Aunque todavía en ciertos sectores de la comunidad evangélica se considera que las iglesias pentecostales están enajenadas de su realidad histórica y que han limitado la conducta cristiana en la sociedad a la práctica de un rigorismo ético, la historia temprana de estas iglesias y la experiencia reciente, indica más bien que su espiritualidad puede ser definida como un estilo de vida (sentir, pensar y actuar) caracterizado por una «integración de las creencias y las prácticas en los afectos que son evocados y expresados por esas mismas creencias y prácticas» (Land 1997: 13)4. Los afectos pentecostales son las características innegociables de su identidad, que tienen un inmenso valor porque constituyen el núcleo de su experiencia espiritual cotidiana, las marcas permanentes de su presencia en el mundo y los ejes que vertebran y modelan su presencia pública en los distintos contextos históricos en los que ellos se encuentran dando testimonio de su pasión por el reino5.

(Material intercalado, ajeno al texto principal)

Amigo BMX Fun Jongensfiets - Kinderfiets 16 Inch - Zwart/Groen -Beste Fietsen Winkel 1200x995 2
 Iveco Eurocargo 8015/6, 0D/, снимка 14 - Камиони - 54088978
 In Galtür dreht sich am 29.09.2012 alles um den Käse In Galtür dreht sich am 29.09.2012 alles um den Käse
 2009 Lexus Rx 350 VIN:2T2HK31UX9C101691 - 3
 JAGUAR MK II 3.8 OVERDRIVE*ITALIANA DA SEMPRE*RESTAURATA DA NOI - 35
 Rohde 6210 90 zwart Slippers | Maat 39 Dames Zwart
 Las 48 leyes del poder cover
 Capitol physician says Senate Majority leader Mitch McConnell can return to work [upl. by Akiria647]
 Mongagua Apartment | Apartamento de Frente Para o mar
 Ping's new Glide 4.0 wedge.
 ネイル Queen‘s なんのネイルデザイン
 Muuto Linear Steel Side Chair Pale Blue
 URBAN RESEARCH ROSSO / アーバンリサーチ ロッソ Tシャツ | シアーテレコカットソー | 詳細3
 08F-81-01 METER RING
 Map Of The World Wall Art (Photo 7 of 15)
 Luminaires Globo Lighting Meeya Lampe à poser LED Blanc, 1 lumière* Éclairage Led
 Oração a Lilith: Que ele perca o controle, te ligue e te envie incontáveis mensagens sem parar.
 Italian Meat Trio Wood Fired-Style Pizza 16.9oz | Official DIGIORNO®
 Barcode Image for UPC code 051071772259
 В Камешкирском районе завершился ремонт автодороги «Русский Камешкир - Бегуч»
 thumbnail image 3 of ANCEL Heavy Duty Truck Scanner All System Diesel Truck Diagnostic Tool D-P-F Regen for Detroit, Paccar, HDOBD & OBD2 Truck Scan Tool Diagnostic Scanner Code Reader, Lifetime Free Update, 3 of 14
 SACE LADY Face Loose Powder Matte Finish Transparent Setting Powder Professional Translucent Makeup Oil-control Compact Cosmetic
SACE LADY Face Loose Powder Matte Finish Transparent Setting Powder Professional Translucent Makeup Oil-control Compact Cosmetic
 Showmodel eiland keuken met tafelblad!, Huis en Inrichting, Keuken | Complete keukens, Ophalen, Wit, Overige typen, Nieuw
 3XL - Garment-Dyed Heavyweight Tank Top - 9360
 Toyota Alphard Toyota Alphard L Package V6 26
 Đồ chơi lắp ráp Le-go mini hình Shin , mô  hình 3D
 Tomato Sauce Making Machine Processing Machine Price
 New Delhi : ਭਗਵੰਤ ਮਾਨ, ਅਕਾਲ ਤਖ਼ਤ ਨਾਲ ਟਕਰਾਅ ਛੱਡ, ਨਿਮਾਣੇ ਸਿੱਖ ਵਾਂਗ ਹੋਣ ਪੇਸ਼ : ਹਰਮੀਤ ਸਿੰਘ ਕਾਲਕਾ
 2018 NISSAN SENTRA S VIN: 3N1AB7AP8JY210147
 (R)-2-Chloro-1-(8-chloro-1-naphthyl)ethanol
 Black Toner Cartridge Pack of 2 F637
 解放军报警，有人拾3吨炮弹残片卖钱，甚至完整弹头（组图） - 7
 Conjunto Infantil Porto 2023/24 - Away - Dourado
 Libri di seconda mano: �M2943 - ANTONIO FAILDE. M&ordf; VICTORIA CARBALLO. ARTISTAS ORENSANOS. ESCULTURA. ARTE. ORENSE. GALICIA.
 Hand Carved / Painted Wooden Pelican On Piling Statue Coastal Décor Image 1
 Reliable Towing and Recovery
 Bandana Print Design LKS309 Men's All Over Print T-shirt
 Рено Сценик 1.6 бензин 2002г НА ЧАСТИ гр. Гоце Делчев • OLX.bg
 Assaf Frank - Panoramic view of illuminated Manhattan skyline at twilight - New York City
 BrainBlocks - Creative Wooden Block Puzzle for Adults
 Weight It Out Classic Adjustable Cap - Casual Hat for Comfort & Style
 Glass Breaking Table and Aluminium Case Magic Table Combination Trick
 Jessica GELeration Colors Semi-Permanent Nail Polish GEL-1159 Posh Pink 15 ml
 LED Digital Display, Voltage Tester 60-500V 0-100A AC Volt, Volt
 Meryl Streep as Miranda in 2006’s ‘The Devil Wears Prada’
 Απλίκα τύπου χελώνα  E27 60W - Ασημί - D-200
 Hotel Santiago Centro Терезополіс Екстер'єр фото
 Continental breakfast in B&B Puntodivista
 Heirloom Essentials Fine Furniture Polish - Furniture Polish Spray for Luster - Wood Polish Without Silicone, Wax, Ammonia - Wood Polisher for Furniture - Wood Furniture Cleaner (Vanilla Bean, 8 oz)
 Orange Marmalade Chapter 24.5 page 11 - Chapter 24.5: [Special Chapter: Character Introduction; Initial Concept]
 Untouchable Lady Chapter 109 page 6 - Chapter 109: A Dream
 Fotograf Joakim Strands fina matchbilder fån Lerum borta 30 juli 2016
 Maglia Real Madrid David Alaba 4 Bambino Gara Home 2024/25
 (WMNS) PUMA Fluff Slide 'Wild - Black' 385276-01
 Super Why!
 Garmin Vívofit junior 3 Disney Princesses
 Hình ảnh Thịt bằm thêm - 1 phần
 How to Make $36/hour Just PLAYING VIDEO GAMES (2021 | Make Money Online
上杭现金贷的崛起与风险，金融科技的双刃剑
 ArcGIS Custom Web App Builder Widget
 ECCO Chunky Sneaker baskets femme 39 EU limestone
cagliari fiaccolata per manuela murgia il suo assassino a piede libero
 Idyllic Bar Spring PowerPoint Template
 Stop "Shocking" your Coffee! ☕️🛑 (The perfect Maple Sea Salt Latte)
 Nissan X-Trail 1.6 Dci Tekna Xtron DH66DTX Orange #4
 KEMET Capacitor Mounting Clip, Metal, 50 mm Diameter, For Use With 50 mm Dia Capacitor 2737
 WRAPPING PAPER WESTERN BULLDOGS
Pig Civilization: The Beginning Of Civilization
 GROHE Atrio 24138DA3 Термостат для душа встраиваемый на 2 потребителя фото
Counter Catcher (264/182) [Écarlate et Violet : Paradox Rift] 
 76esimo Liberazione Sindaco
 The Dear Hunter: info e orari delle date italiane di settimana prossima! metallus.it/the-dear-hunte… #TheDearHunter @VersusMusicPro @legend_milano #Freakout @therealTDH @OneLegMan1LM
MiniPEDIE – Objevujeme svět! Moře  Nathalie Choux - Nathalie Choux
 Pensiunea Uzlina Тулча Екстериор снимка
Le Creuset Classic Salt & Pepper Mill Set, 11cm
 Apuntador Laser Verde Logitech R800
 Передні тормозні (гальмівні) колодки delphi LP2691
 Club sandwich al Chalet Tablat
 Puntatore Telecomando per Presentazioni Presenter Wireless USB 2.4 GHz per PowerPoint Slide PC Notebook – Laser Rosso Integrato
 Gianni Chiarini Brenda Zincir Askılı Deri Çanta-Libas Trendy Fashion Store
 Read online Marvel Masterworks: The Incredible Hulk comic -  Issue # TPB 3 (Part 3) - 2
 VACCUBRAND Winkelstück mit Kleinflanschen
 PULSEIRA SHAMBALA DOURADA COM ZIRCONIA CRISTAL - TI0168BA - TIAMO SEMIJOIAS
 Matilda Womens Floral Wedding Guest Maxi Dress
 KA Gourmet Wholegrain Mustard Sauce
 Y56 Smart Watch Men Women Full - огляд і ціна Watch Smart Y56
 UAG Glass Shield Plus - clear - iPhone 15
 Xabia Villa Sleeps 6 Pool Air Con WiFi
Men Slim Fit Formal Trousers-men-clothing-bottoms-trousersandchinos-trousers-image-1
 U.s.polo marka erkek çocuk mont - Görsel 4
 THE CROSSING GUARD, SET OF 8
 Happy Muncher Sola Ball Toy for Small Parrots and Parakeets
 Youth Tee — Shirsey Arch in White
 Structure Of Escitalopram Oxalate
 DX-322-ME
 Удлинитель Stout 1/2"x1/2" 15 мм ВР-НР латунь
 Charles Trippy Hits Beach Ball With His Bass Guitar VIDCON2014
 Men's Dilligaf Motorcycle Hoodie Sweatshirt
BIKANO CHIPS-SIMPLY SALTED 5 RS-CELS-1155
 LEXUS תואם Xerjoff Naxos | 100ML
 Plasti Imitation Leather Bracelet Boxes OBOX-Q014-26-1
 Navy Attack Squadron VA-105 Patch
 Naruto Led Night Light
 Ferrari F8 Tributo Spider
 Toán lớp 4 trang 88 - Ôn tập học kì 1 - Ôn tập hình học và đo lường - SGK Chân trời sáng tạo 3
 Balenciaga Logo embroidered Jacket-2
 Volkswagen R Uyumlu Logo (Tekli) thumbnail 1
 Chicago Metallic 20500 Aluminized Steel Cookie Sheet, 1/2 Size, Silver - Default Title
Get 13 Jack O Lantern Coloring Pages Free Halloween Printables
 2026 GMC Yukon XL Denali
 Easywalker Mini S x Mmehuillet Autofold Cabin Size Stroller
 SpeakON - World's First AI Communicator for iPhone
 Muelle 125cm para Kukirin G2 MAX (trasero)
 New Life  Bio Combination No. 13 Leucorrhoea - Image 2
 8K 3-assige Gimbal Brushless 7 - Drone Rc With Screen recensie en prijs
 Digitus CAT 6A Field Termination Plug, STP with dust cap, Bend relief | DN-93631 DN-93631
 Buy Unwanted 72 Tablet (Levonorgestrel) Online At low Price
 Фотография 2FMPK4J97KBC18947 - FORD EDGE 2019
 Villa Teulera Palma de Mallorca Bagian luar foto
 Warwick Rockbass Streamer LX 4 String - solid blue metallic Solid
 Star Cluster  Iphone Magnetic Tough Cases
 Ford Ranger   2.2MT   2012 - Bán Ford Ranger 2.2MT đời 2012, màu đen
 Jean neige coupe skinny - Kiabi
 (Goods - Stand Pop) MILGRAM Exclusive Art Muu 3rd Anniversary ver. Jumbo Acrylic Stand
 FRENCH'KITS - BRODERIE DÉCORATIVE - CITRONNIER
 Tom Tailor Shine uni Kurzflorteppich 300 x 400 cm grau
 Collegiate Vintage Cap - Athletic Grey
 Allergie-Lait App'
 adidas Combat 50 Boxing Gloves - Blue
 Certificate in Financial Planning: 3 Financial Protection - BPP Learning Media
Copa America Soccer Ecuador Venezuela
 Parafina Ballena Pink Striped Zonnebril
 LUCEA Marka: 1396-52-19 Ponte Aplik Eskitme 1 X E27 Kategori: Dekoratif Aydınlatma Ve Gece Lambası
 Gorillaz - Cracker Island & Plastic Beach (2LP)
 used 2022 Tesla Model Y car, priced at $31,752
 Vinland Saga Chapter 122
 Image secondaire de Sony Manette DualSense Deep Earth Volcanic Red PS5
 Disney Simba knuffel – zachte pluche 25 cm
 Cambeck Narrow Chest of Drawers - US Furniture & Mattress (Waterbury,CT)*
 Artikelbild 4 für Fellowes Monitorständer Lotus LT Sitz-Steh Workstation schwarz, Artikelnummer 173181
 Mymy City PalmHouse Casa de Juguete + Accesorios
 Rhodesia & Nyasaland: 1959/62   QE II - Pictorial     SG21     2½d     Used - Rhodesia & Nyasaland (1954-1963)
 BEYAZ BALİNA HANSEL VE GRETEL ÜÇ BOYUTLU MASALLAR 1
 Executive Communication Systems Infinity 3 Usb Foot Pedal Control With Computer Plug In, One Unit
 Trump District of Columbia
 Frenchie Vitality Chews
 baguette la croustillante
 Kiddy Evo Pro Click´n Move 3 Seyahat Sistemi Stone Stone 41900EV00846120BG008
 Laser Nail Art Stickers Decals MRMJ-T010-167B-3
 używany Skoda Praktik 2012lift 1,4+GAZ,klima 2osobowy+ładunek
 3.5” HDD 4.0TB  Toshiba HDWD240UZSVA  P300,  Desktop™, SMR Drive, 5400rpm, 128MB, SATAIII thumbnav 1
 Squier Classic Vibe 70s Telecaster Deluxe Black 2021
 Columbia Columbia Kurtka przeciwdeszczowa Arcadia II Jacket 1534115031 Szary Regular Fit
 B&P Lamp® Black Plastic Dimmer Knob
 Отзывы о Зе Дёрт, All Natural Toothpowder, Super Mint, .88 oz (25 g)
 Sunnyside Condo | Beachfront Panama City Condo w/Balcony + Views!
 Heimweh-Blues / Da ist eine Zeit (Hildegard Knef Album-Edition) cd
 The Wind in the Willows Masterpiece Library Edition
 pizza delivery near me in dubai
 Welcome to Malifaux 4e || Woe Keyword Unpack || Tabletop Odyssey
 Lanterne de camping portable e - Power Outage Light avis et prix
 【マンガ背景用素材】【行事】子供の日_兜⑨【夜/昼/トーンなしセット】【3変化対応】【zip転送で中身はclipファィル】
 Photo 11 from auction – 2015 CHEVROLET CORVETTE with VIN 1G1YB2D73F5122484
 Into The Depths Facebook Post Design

En efecto, la experiencia de estas iglesias en el sur del mundo demuestra que se trata de una pasión que los ha llevado a comprometerse con la defensa de la dignidad humana, con todos los riesgos que ese compromiso exige y que los compromete a luchar contra la pobreza en las sociedades excluyentes de este tiempo; una práctica que pone en tela de juicio los puntos de vista todavía presentes en ciertos círculos académicos, en los que se percibe tanto el mensaje y las propuestas teológicas de estas iglesias como una forma de «adormecer» o de «vaciar» la conciencia social de los pobres y de los excluidos; o que consideran a estas comunidades como simples espacios de «refugio» y de «supervivencia» para los inmigrantes que se encuentran sin lazos sociales ni referentes culturales en las ciudades que los acogen y en las cuales ellos se sienten huérfanos, extraños e incomprendidos.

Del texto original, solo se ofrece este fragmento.